I read a proof about ceiling function equivalence relation as linked here. The theorem to prove is:
Let $\mathcal R$ be the relation defined on $\mathbb{R}$ such that: $\forall x, y \in \mathbb{R}: \left({x, y}\right) \in \mathcal R \iff \left \lceil {x}\right \rceil = \left \lceil {y}\right \rceil$
where $\left \lceil {x}\right \rceil$ is the ceiling of $x$.
Then $\mathcal R$ is an equivalence.
Proving reflexitivity and symmetry is trivial, but I have questions about proving transitivity.

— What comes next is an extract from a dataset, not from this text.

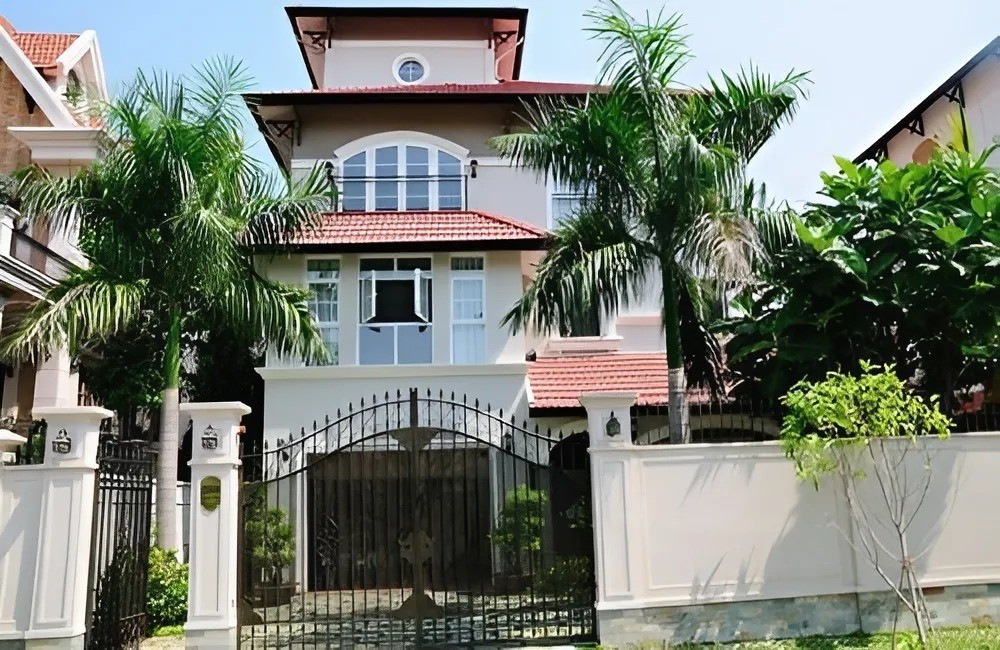 Bên trong biệt thự 800m2 của amp;#34;nữ hoàng ảnh lịchamp;#34; Hiền Mai - 4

According to definition, we should just proof that if $\left \lceil {x}\right \rceil = \left \lceil {y}\right \rceil$ and $\left \lceil {y}\right \rceil = \left \lceil {z}\right \rceil$, then $\left \lceil {x}\right \rceil = \left \lceil {z}\right \rceil$. In the proof, the author took extra steps to prove this. But isn't $\left \lceil {x}\right \rceil = \left \lceil {y}\right \rceil = \left \lceil {z}\right \rceil$ trivial? Are there any reason why the author went those extra steps?
Yes, it is trivial. Actually, it is so trivial that it has nothing to do with the ceiling function. If $f\colon X\longrightarrow Y$ is any function and if you define a binary relation $\sim$ on $X$ by $x\sim y$ if and only if $f(x)=f(y)$, then $\sim$ is an equivalence relation.